- _Aim of the task_: Retype the listing that follows, exactly as written.

══ Information ══

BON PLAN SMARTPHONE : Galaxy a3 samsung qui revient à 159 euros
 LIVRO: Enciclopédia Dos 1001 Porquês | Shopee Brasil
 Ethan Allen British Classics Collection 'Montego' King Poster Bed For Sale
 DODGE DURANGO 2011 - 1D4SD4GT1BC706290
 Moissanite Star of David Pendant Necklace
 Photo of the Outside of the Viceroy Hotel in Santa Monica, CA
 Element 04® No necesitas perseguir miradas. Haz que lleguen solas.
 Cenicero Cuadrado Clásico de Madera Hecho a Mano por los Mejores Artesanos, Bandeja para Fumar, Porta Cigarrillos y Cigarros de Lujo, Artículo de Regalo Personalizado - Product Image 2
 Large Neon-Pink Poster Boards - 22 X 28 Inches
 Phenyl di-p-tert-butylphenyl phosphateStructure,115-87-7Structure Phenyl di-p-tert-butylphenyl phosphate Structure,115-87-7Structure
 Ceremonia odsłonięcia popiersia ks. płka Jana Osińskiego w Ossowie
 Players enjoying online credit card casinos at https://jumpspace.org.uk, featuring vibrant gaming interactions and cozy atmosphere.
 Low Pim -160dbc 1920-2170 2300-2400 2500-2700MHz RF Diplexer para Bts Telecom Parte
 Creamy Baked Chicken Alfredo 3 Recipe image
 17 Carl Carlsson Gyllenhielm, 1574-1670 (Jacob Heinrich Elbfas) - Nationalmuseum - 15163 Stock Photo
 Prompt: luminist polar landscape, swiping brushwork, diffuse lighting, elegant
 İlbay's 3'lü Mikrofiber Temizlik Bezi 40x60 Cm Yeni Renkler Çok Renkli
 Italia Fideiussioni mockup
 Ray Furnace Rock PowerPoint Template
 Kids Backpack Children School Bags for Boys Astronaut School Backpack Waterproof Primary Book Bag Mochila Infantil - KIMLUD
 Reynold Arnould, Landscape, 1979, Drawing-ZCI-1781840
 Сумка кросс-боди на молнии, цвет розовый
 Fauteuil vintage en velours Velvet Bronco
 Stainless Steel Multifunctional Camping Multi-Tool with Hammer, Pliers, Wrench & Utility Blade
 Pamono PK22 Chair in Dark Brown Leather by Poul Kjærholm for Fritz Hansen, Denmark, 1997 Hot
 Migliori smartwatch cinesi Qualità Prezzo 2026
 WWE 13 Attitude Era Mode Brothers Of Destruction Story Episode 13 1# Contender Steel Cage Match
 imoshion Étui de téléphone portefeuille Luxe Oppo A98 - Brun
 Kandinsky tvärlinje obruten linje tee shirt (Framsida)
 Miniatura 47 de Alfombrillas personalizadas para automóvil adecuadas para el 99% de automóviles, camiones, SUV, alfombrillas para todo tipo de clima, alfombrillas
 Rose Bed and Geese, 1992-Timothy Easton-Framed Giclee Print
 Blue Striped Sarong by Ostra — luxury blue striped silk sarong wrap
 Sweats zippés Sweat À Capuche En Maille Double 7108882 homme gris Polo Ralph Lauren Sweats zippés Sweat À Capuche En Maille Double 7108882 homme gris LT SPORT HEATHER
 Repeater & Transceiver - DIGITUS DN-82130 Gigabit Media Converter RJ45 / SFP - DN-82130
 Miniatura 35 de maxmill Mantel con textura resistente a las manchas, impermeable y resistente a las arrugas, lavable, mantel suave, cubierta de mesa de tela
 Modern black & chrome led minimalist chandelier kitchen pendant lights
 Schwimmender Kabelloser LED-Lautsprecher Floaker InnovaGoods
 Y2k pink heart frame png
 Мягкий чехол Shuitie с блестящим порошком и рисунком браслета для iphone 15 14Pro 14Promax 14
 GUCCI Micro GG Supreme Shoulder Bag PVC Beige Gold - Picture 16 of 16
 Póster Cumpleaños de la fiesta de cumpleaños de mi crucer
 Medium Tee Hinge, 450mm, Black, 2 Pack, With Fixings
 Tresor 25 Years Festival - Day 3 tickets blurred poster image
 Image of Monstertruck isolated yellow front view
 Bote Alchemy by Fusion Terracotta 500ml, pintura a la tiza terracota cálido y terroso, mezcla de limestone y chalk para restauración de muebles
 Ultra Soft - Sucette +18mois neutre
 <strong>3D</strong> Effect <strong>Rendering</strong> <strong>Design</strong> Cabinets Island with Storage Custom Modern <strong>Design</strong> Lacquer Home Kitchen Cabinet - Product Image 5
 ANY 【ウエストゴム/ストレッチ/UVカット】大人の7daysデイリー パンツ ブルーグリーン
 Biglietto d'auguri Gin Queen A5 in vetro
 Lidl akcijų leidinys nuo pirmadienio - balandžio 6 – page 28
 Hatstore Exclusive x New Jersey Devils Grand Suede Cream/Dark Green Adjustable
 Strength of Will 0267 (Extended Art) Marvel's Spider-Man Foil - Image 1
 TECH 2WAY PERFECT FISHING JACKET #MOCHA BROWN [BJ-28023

═══

- _Solution_:
BON PLAN SMARTPHONE : Galaxy a3 samsung qui revient à 159 euros
 LIVRO: Enciclopédia Dos 1001 Porquês | Shopee Brasil
 Ethan Allen British Classics Collection 'Montego' King Poster Bed For Sale
 DODGE DURANGO 2011 - 1D4SD4GT1BC706290
 Moissanite Star of David Pendant Necklace
 Photo of the Outside of the Viceroy Hotel in Santa Monica, CA
 Element 04® No necesitas perseguir miradas. Haz que lleguen solas.
 Cenicero Cuadrado Clásico de Madera Hecho a Mano por los Mejores Artesanos, Bandeja para Fumar, Porta Cigarrillos y Cigarros de Lujo, Artículo de Regalo Personalizado - Product Image 2
 Large Neon-Pink Poster Boards - 22 X 28 Inches
 Phenyl di-p-tert-butylphenyl phosphateStructure,115-87-7Structure Phenyl di-p-tert-butylphenyl phosphate Structure,115-87-7Structure
 Ceremonia odsłonięcia popiersia ks. płka Jana Osińskiego w Ossowie
 Players enjoying online credit card casinos at https://jumpspace.org.uk, featuring vibrant gaming interactions and cozy atmosphere.
 Low Pim -160dbc 1920-2170 2300-2400 2500-2700MHz RF Diplexer para Bts Telecom Parte
 Creamy Baked Chicken Alfredo 3 Recipe image
 17 Carl Carlsson Gyllenhielm, 1574-1670 (Jacob Heinrich Elbfas) - Nationalmuseum - 15163 Stock Photo
 Prompt: luminist polar landscape, swiping brushwork, diffuse lighting, elegant
 İlbay's 3'lü Mikrofiber Temizlik Bezi 40x60 Cm Yeni Renkler Çok Renkli
 Italia Fideiussioni mockup
 Ray Furnace Rock PowerPoint Template
 Kids Backpack Children School Bags for Boys Astronaut School Backpack Waterproof Primary Book Bag Mochila Infantil - KIMLUD
 Reynold Arnould, Landscape, 1979, Drawing-ZCI-1781840
 Сумка кросс-боди на молнии, цвет розовый
 Fauteuil vintage en velours Velvet Bronco
 Stainless Steel Multifunctional Camping Multi-Tool with Hammer, Pliers, Wrench & Utility Blade
 Pamono PK22 Chair in Dark Brown Leather by Poul Kjærholm for Fritz Hansen, Denmark, 1997 Hot
 Migliori smartwatch cinesi Qualità Prezzo 2026
 WWE 13 Attitude Era Mode Brothers Of Destruction Story Episode 13 1# Contender Steel Cage Match
 imoshion Étui de téléphone portefeuille Luxe Oppo A98 - Brun
 Kandinsky tvärlinje obruten linje tee shirt (Framsida)
 Miniatura 47 de Alfombrillas personalizadas para automóvil adecuadas para el 99% de automóviles, camiones, SUV, alfombrillas para todo tipo de clima, alfombrillas
 Rose Bed and Geese, 1992-Timothy Easton-Framed Giclee Print
 Blue Striped Sarong by Ostra — luxury blue striped silk sarong wrap
 Sweats zippés Sweat À Capuche En Maille Double 7108882 homme gris Polo Ralph Lauren Sweats zippés Sweat À Capuche En Maille Double 7108882 homme gris LT SPORT HEATHER
 Repeater & Transceiver - DIGITUS DN-82130 Gigabit Media Converter RJ45 / SFP - DN-82130
 Miniatura 35 de maxmill Mantel con textura resistente a las manchas, impermeable y resistente a las arrugas, lavable, mantel suave, cubierta de mesa de tela
 Modern black & chrome led minimalist chandelier kitchen pendant lights
 Schwimmender Kabelloser LED-Lautsprecher Floaker InnovaGoods
 Y2k pink heart frame png
 Мягкий чехол Shuitie с блестящим порошком и рисунком браслета для iphone 15 14Pro 14Promax 14
 GUCCI Micro GG Supreme Shoulder Bag PVC Beige Gold - Picture 16 of 16
 Póster Cumpleaños de la fiesta de cumpleaños de mi crucer
 Medium Tee Hinge, 450mm, Black, 2 Pack, With Fixings
 Tresor 25 Years Festival - Day 3 tickets blurred poster image
 Image of Monstertruck isolated yellow front view
 Bote Alchemy by Fusion Terracotta 500ml, pintura a la tiza terracota cálido y terroso, mezcla de limestone y chalk para restauración de muebles
 Ultra Soft - Sucette +18mois neutre
 <strong>3D</strong> Effect <strong>Rendering</strong> <strong>Design</strong> Cabinets Island with Storage Custom Modern <strong>Design</strong> Lacquer Home Kitchen Cabinet - Product Image 5
 ANY 【ウエストゴム/ストレッチ/UVカット】大人の7daysデイリー パンツ ブルーグリーン
 Biglietto d'auguri Gin Queen A5 in vetro
 Lidl akcijų leidinys nuo pirmadienio - balandžio 6 – page 28
 Hatstore Exclusive x New Jersey Devils Grand Suede Cream/Dark Green Adjustable
 Strength of Will 0267 (Extended Art) Marvel's Spider-Man Foil - Image 1
 TECH 2WAY PERFECT FISHING JACKET #MOCHA BROWN [BJ-28023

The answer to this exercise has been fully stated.